Peccato che il progetto non abbia funzionato del tutto.
La storia si svolge nel 2011 presso la sede londinese di una grossa banca, la NYL, gestita dal CEO Dominic Morgan. Massimo Ruggero, un giovane e geniale broker italiano, è la punta di diamante della banca e aspira al ruolo di Vice CEO, ma un misterioso suicidio rimescola le sorti dei protagonisti. Massimo dovrà fronteggiare le conseguenze di un passato misterioso, di un presente minacciato da Subterranea - un’organizzazione clandestina di hacker e whistleblower nemica delle banche - e di un futuro di intrighi economici internazionali molto incerto.
Borghi il salto di qualità l’ha fatto. Recita in un perfetto inglese british, con un magnetismo e un’intensità ancora non raggiunti nella sua carriera, e soprattutto non sfigura al fianco del divo Dempsey, suo mentore e avversario nella storia. Si tratta di un reale passaggio di testimone?
Gli avvenimenti fittizi della storia spesso vengono ricollegati o diventano, addirittura, le cause di eventi realmente accaduti nell’economia mondiale degli ultimi vent’anni. Dal crollo dei mutui subprime agli interventi della Banca Europea di Mario Draghi, tornando indietro fino alla crisi argentina del 2001: tutti questi fatti vengono legati alle azioni della NYL e dello stesso protagonista di Borghi, spesso con collegamenti congeniali, altre volte in modo un po’ forzato.

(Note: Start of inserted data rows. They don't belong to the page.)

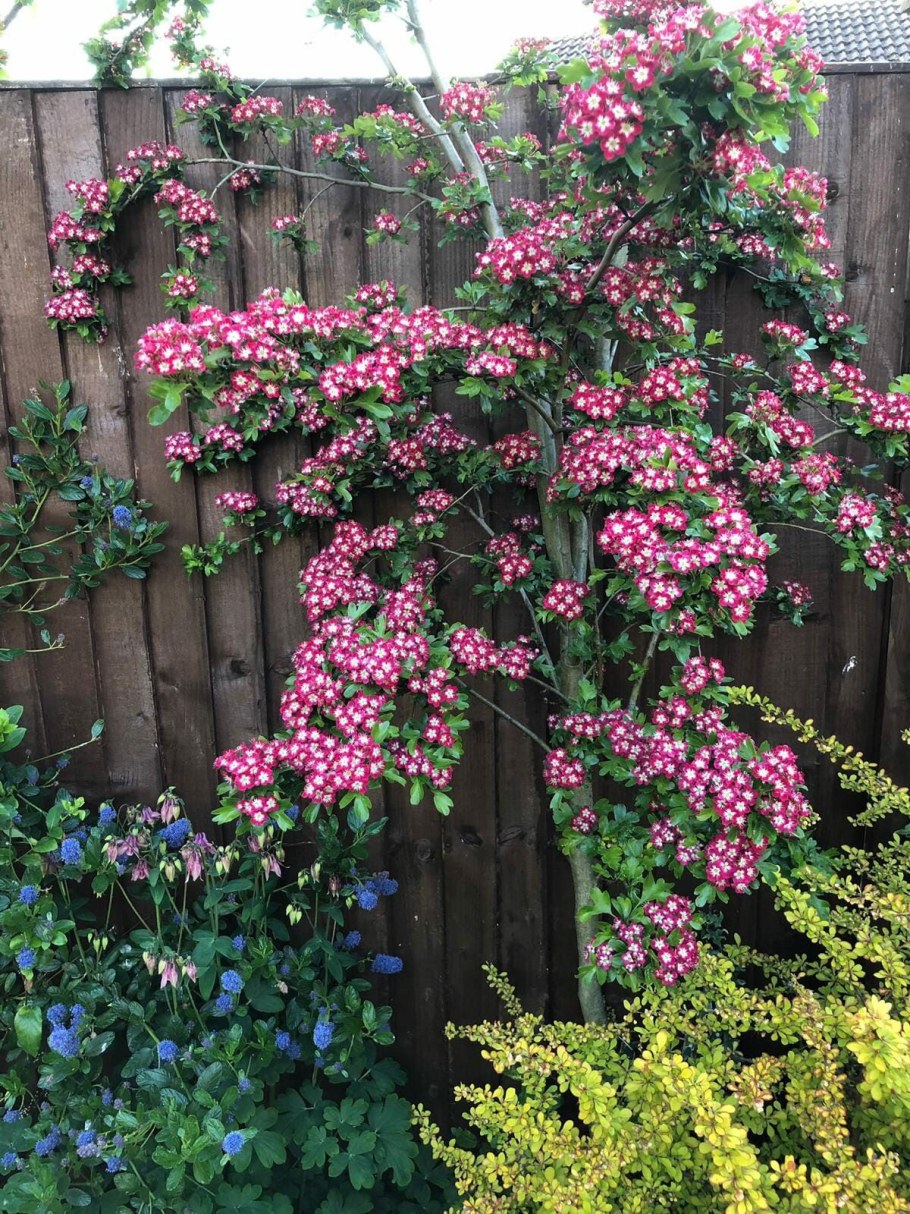 Боярышник Кримсон Глоу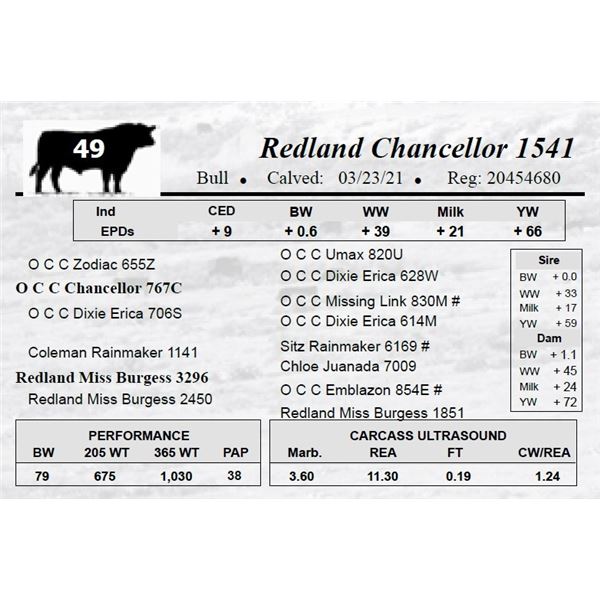 Redland Chancellor 1541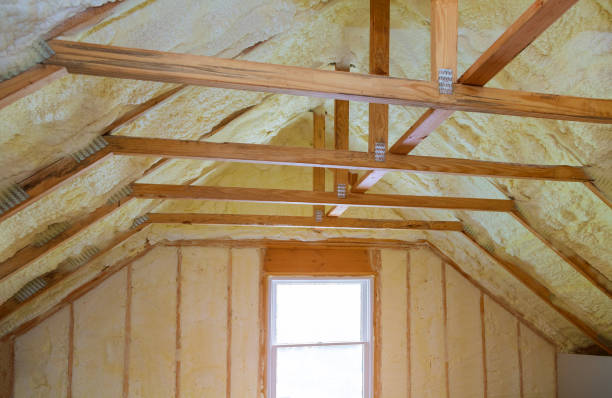 Best Garage Insulation Installation  in West Canton, NC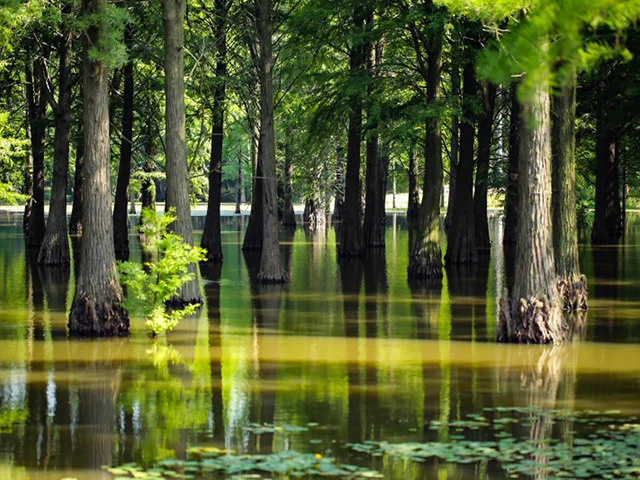 Flooded forest landscape with tall slender tree trunks emerging from calm shallow water.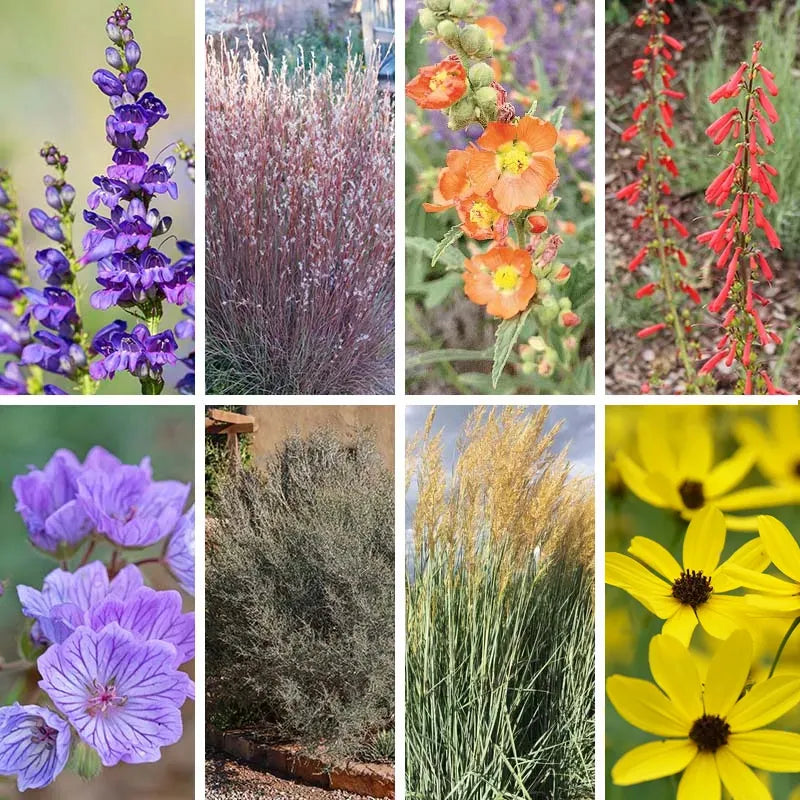 Utah Perennial Collection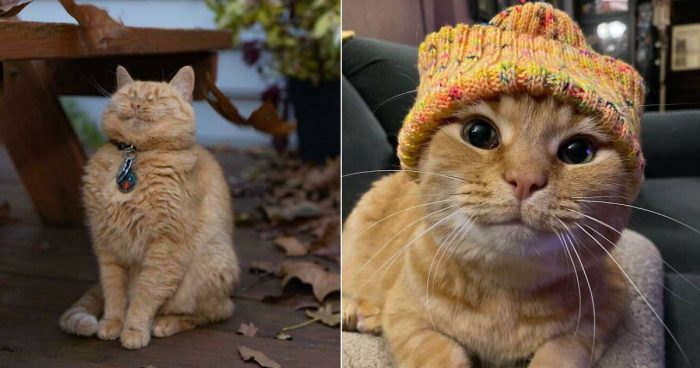 15 Times Orange Cats Proved They’re the Funniest (and Dorkiest) Felines Around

I pregi, comunque, si fermano qui. Una retorica fastidiosa e ovvia sui cosiddetti “diavoli” della finanza introduce e conclude ogni episodio attraverso i monologhi di Borghi. L’ambiente e le atmosfere ricreate non aggiungono nulla al genere dei prodotti cinematografici e televisivi dedicati alla moderna finanza, anzi, spesso ne perdono il fascino. I personaggi non risultano mai veramente pregnanti o carismatici e regia e montaggio sono da mal di testa e non riescono a soffermarsi su una stessa inquadratura nemmeno per un secondo.
La narrazione poi crea una difficoltà di fondo a seguire certi sviluppi di matrice tecnica per chi non è addetto ai lavori. Non si è fatta un’operazione accattivante, come in La grande scommessa, film in cui argomenti di economia molto complicati vengono semplificati in modi ingegnosi e inaspettati, e resi così accessibili a chiunque abbia un occhio attento. Questo è uno degli spunti che Diavoli non è stato in grado di trarre dai suoi predecessori.
La stagione, per tutta la sua durata, non riesce a trovare una dimensione personale. Vuole essere un thriller nell’ambiente dei broker, dove tutti sono squali e dove nessuno è veramente illibato dai peccati.
L’economia mondiale è gestita da diavoli, d’accordo, ma questa non ci sembra la conclusione del percorso della serie, anzi, è piuttosto il suo incipit, che però non trova una sua evoluzione compiuta.
Il progetto, in definitiva, riesce a salvarsi perché, a episodi poco interessanti e freddi, ne alterna alcuni più avvincenti, come, in particolare, il quinto e il sesto. A conti fatti, l’unico vero motivo per cui vale la pena addentrarsi in questa serie rimane la grande interpretazione di Borghi, che regge sulle spalle l’intera stagione.
Resta però anche l’orgoglio italiano di potersi ancora una volta, dopo prodotti come ZeroZeroZero e The New Pope, muovere verso una quasi totale internazionalità. Diavoli è uno dei progetti televisivi di Sky che vuole sfidare e cavalcare il mercato mondiale: non sarà completamento riuscito ma aggiunge un fondamentale tassello in questa ascesa continua e, forse, regalerà al suo interprete una carriera da vera star.